When the focus is off Hopper, the show loses some of its steam. I don’t think this is because Bieito isn’t as clear in his treatment of the “literary” characters. David Darlow‘s Casanova and Marilyn Dodd Frank‘s Marguerite each has one or two electrifying moments (he, penniless, is reduced to sucking up spilled cognac from the pavement) but they mostly fall just short of the edge of hysteria achieved so consistently by Mark L. Montgomery as Byron and especially André De Shields as Baron de Charlus.
This last performance is just astonishing, in what originally was a throwaway part.
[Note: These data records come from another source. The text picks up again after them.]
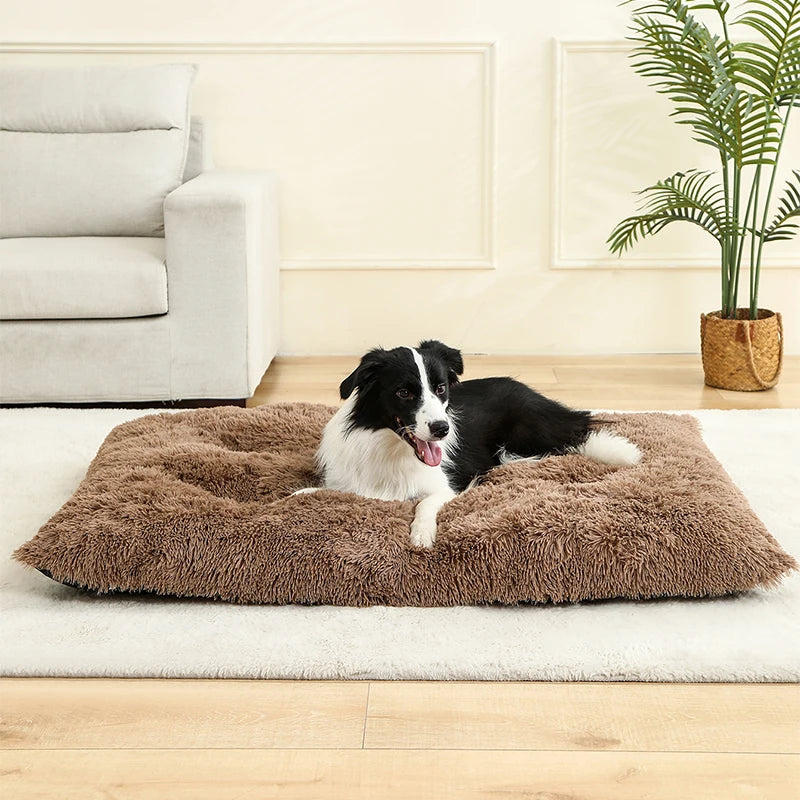 Pet Dog Soft Bed House Mat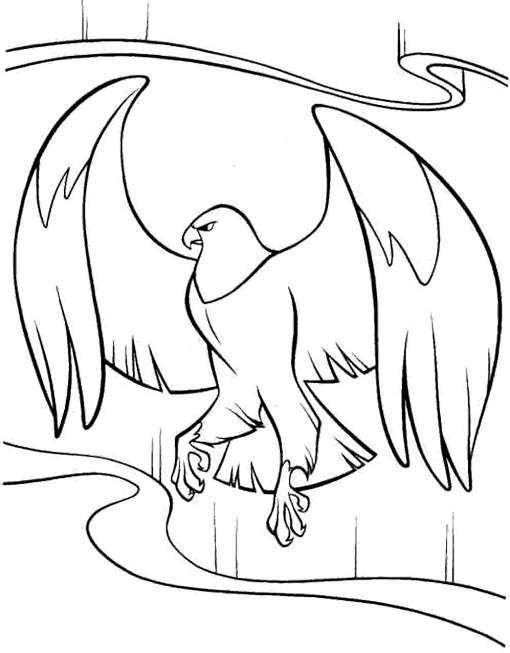 510x653 Cartoon Eagle Coloring Pages Colouring
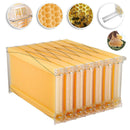 Colmena en Caja de Madera Natural con 7 Marcos Plásticos. Panal con Espesor 18mm con Flujo de Miel Automático. Caja Apicultura Hasta 25 Kg de Miel.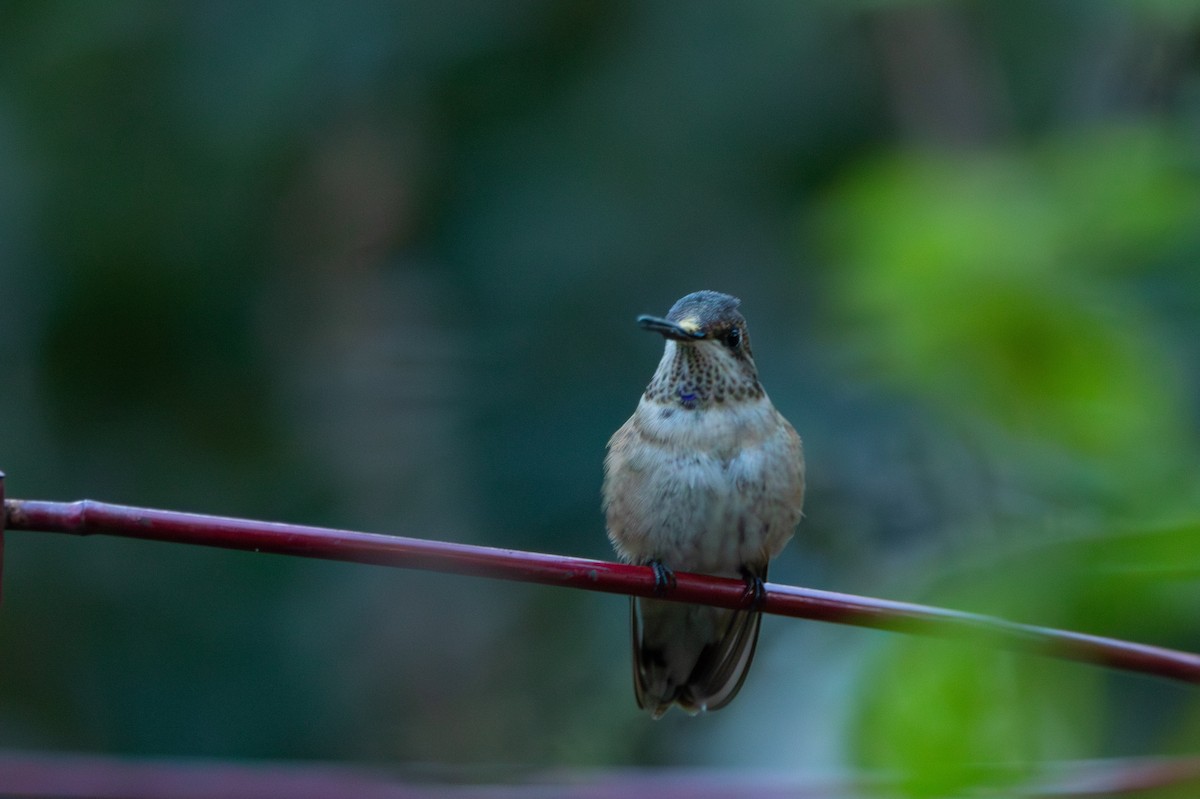 Black-chinned Hummingbird - ML644194997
Bieito expands the character of the waspish, self-hating gay man to include an explicit sexual encounter only hinted at in Williams’ script, ending in an erotic asphyxiation gone wrong (or right, I guess, depending on just how self-hating.) And then the Baron returns in the second half of the play as a reanimated corpse to serenade the “fiesta” orgy with a ferocious performance of “I Put a Spell on You.”
Oddly, the apparently surefire role of the Gypsy fell flat, whereas the few lines here and there of the elderly whore Rosita were built into a spellbinding performance by Barbara E. Robertson.
And, as “The Dreamer,” a part invented for this production, Michael Medeiros played a version of the playwright himself, mashing together speeches for the omitted character of Don Quixote and a variety of Williams’ other writings. His brief epilogue manages to top Hopper’s death scene (rightfully) with a few simple but heartfelt lines about how the writer’s creative process is his (perhaps only) means of self-realization. Almost his last line is one of Williams’ most famous: “If you can’t be yourself, what’s the point of being at all?”
And then he swallows a handful of pills, and (not for the first time this evening) pukes violently. It’s Bieito’s genius, I think, that he can make us understand that even vomit can be a kind of poetry.